The work, conceived as a video performance, is a critical view of current modes of political education in Russia. The lesson we see unfolds like an absurd play where the pupils, mindful of the rules of the game set by the director, studiously perform a series of elementary tasks: they answer questions relating to pictures shown by their teacher. They respond with associations to these, in the form of adjectives, subjects, adverbs, and proper nouns. As the lesson goes on, one realizes that the class has absorbed only too well the cultural codes and symbols of the national dogma. The game makes obvious the way patriotic codes are instilled in children’s subconscious and strips them of pathos.

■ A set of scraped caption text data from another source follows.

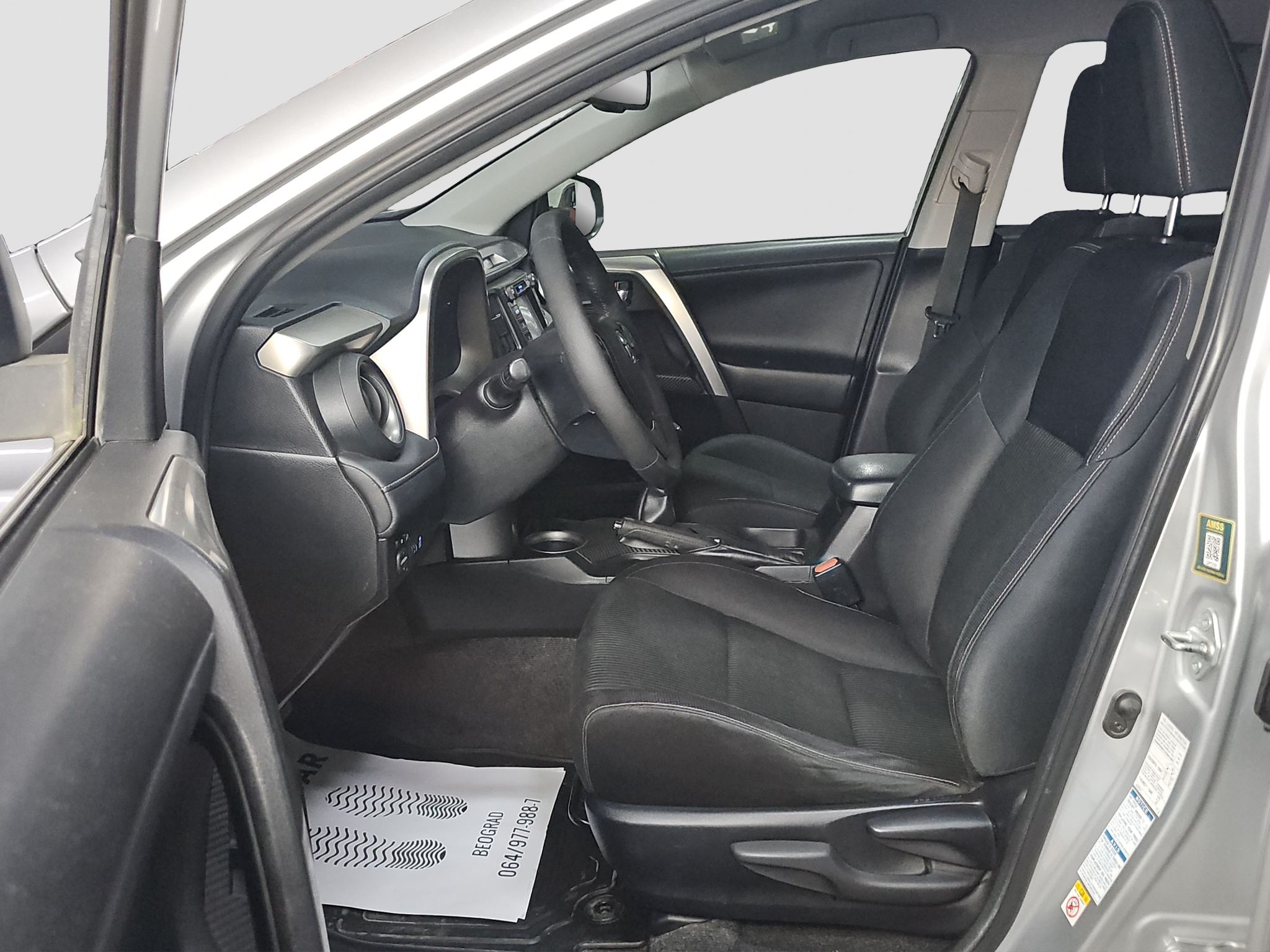 
								Toyota RAV 4 AWD/T.O.P full									
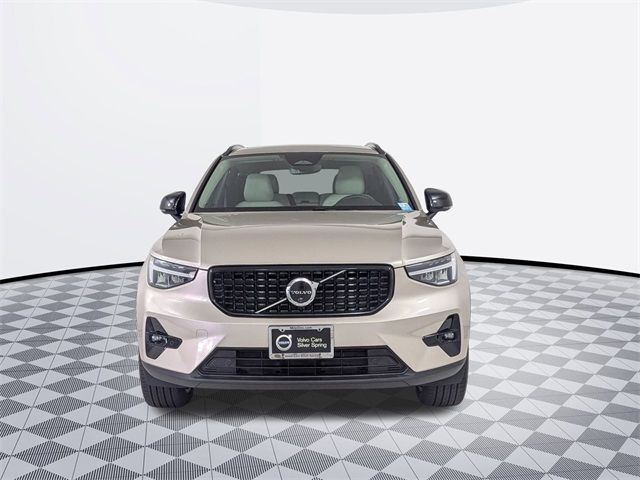 2024 Volvo XC40 Plus Dark Theme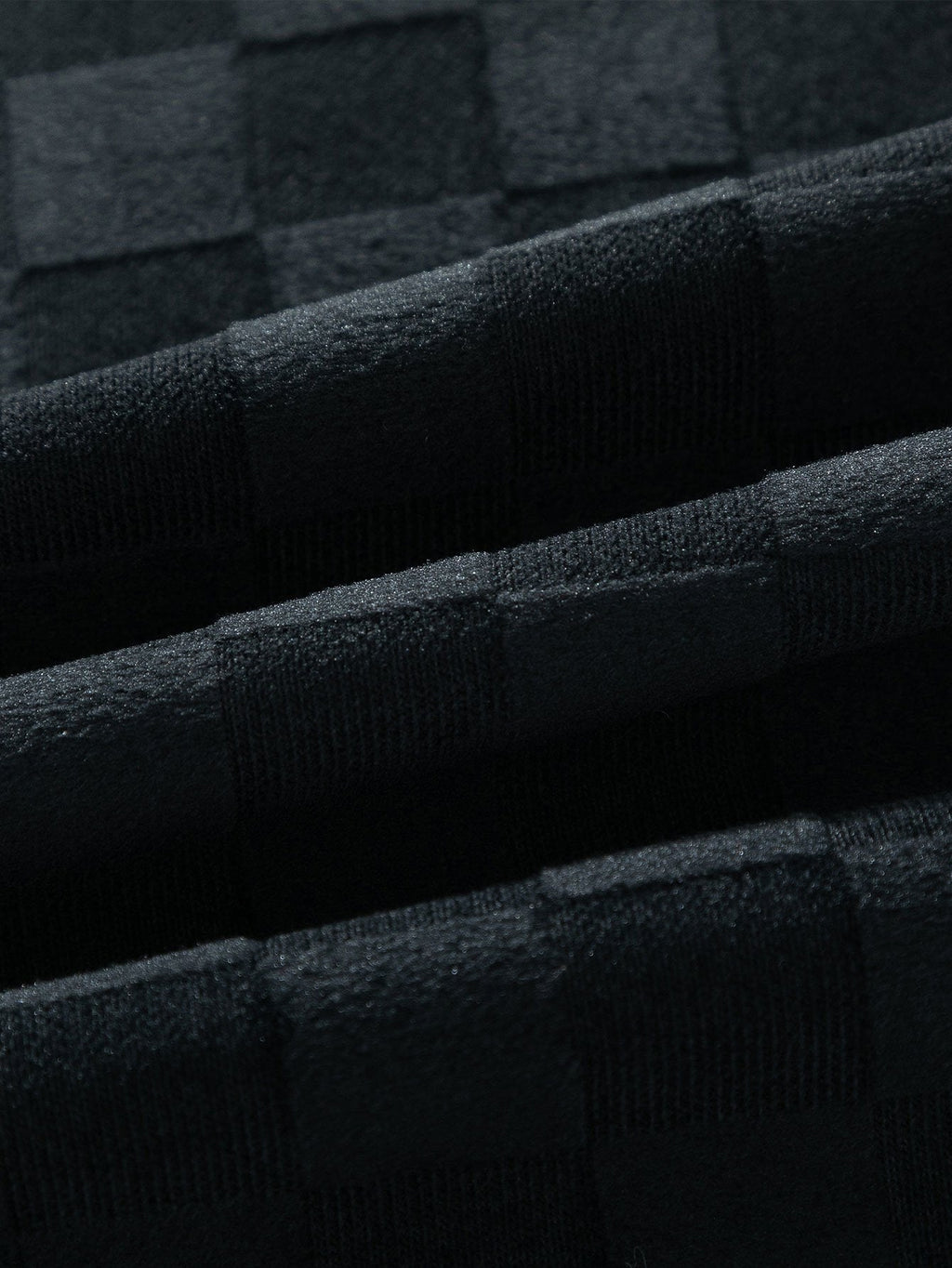 Cintura y muslo del pantalón con relieve texturizado negro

The Russian educational system has been a battlefield for more than a decade now. After the collapse of the Soviet Union, for a brief period, a moderately liberal window existed in learning environments and approaches to education. This quickly dissolved by the mid-2000s when ideology and nationalist propaganda began to re-enter schools. The whistle used by ‘teacher’ Polina Kanis reminds us of the rejection of critical thinking in pupils and the militarization assimilated in many schools, where patriotic discourse thrives.
Polina Kanis was born in Leningrad and graduated from the Rodchenko Art School, Moscow, in 2011. The same year she was awarded the Kandinsky Prize in the category Best Young Artist for her video Eggs (2010). In 2016 Kanis received the Sergey Kuryokhin Award in the category Media Object for her film The Pool (2015). Her work has been featured in numerous solo and group exhibitions, including a solo show in Haus der Kunst, the parallel program to Manifesta 10, and the 2015 edition of the Ural Industrial Biennial of Contemporary Art. In January 2017 Kanis joined the residency program at the Rijksakademie van beeldende kunsten in Amsterdam.